Alexios IV Emperor of the Byzantine Empire from 1203 to 1204.
Alexios IV was Byzantine Emperor from August 1203 to January 1204. He was the son of Emperor Isaac II Angelus and his first wife, an unknown Palaiologina.

On 18 July 1203 the Crusaders launched an assault on the city, and Alexios III immediately fled into Thrace. The next morning the citizens had released Isaac II from prison and proclaimed him emperor. The Crusaders could not accept this, and forced Isaac II to proclaim his son Alexios IV co-emperor on 1 August.

Soon hostility between the restive Crusaders and the inhabitants of Constantinople was growing.
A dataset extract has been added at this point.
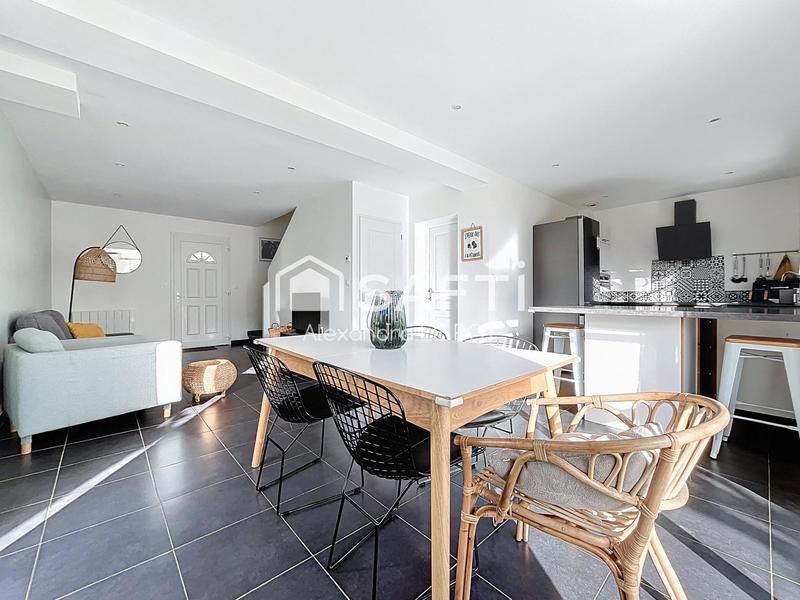 Maison - 87 m² - 4 pièces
In December 1203 violence exploded between the citizens of Constantinople and the Crusaders. Enraged mobs seized and brutally murdered any foreigner they could lay hands upon, and the Crusaders felt that Alexios had not fulfilled his promises to them. Alexios refused their demands, and is quoted as saying, "I will not do any more than I have done." While relations with the Crusaders were deteriorating, Alexios had become deeply unpopular with the Greek citizenry, and with his own father.

At the end of January 1204, the populace of Constantinople rebelled and tried to proclaim a rival emperor in Hagia Sophia. Both Alexios IV and his father were imprisoned. Isaac II died soon afterwards, possibly of old age or from poison, and Alexios IV was strangled on 8 February.